**Task brief**
Take the lines below from the one with "LAS VEGAS - JULY" through the one with "A bedroom featuring" and print only them, exactly. Don't print the pictures.

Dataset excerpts
|---|
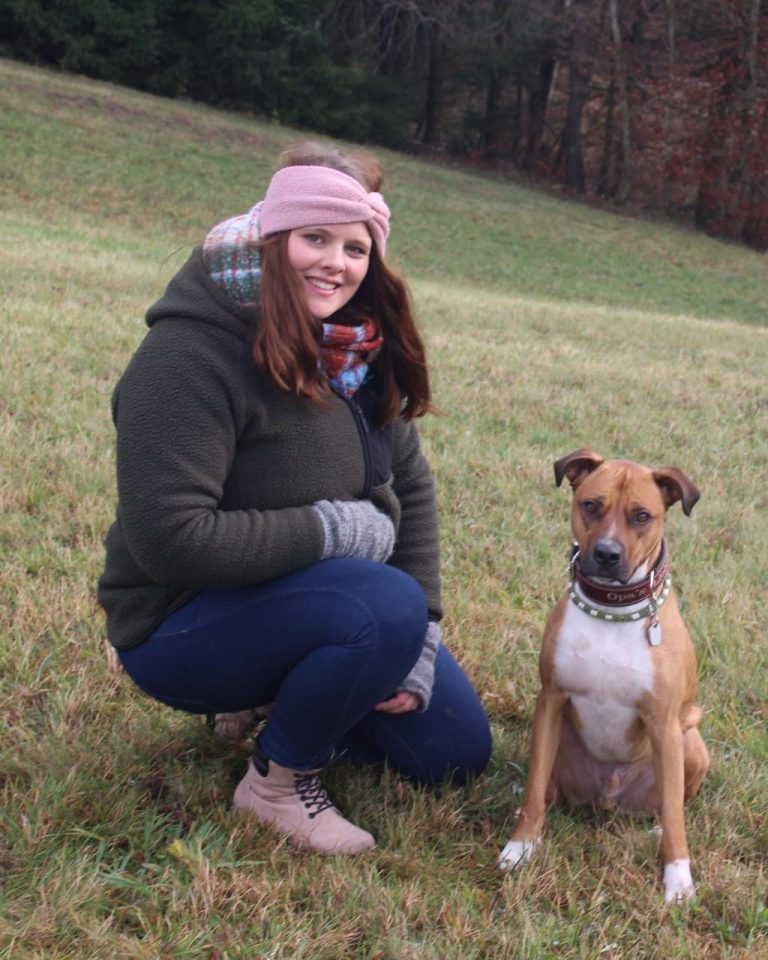 Frau kniet auf Wiese neben ihrem Hund, beide schauen freundlich in die Kamera. Frau kniet auf Wiese neben ihrem Hund, beide schauen freundlich in die Kamera.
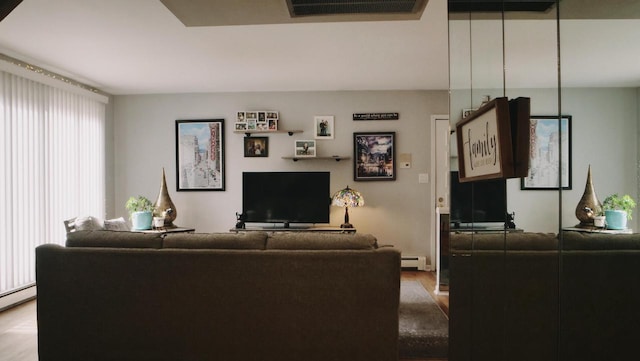 living room with a baseboard heating unit and visible vents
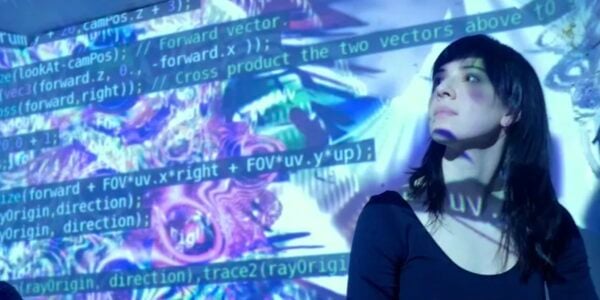 A woman in long dark hair stands against a wall against which computer codes and abstract purple and blue images are projected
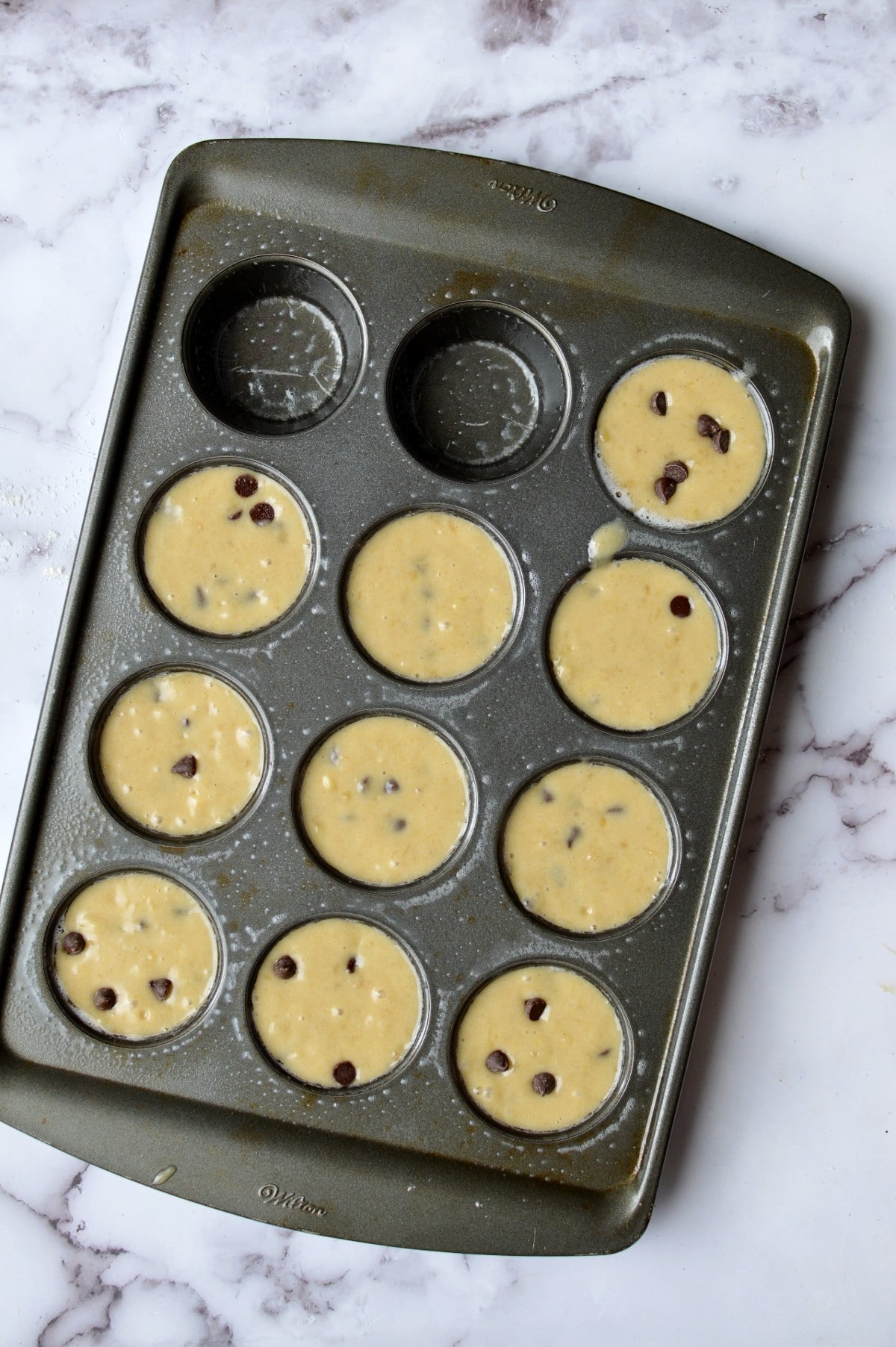 a muffin tin filled with batter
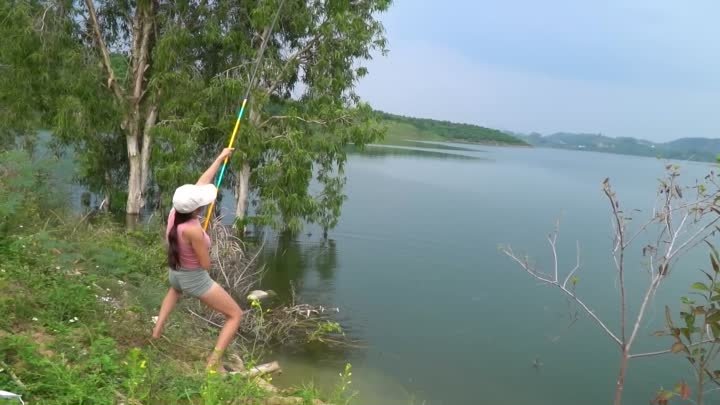 Рыболовное видео. Красивая девушка охотится на большую рыбу с традиционным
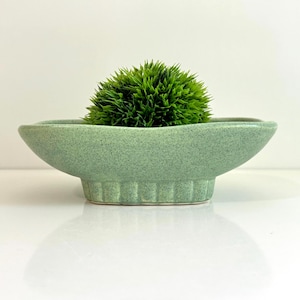 May include: A light green speckled ceramic bowl with a shallow, elongated oval shape and a fluted base. The bowl contains a dense, rounded, bright green artificial plant with spiky foliage that sits centred within the vessel.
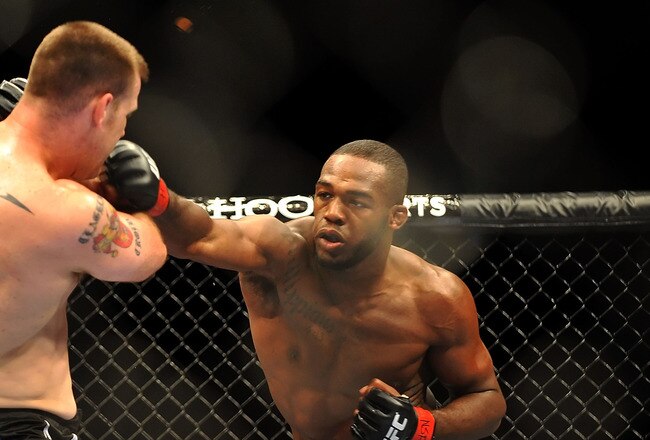 LAS VEGAS - JULY 11:  (R-L) Jon Jones connects with a right punch on Jake O'Brein during their light heavyweight bout during UFC 100 on July 11, 2009 in Las Vegas, Nevada. Jones defeated O'Brein by second round tapout.  (Photo by Jon Kopaloff/Getty Images)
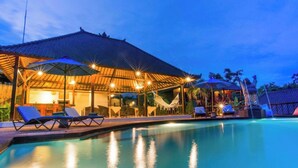 Un área junto a la piscina con sillones de descanso y sombrillas, una zona de estar cubierta con iluminación y una vista despejada de la piscina.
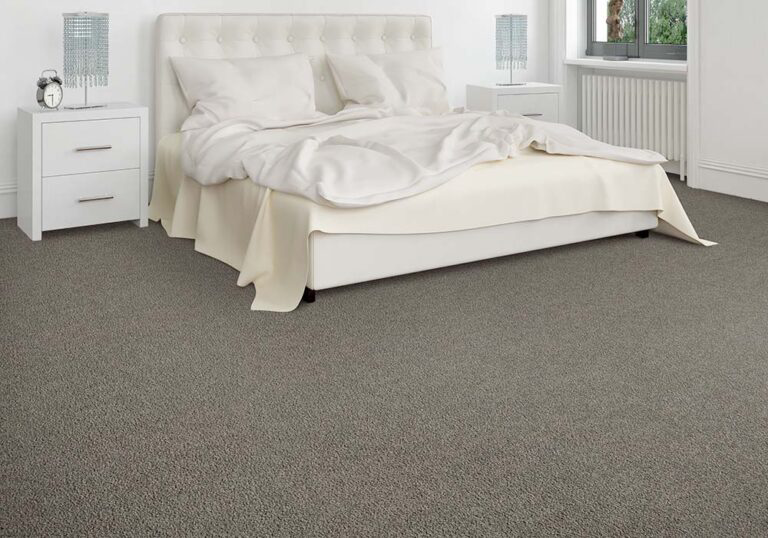 A bedroom featuring newly installed gray carpet by Carpet Warehouse and Color Tile in Coeur d'Alene, ID.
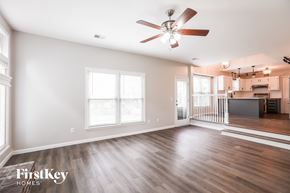 Overland Park house for rent - an empty living room with a ceiling fan and a kitchen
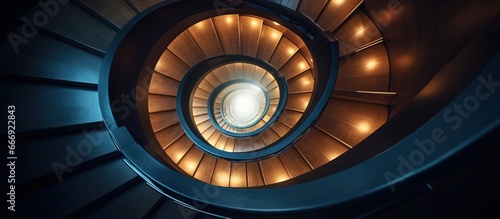 A top down view of a contemporary spiral staircase illuminated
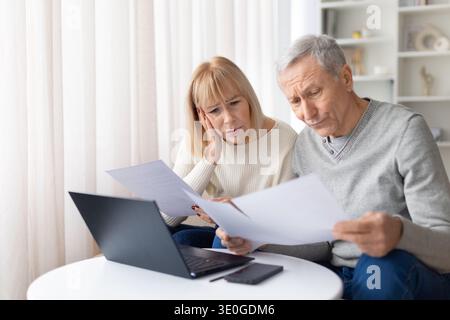 Concerned senior couple reading financial documents at home while sitting with laptop Stock Photo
|---|
**Completed task**
 LAS VEGAS - JULY 11:  (R-L) Jon Jones connects with a right punch on Jake O'Brein during their light heavyweight bout during UFC 100 on July 11, 2009 in Las Vegas, Nevada. Jones defeated O'Brein by second round tapout.  (Photo by Jon Kopaloff/Getty Images)
 Un área junto a la piscina con sillones de descanso y sombrillas, una zona de estar cubierta con iluminación y una vista despejada de la piscina.
 A bedroom featuring newly installed gray carpet by Carpet Warehouse and Color Tile in Coeur d'Alene, ID.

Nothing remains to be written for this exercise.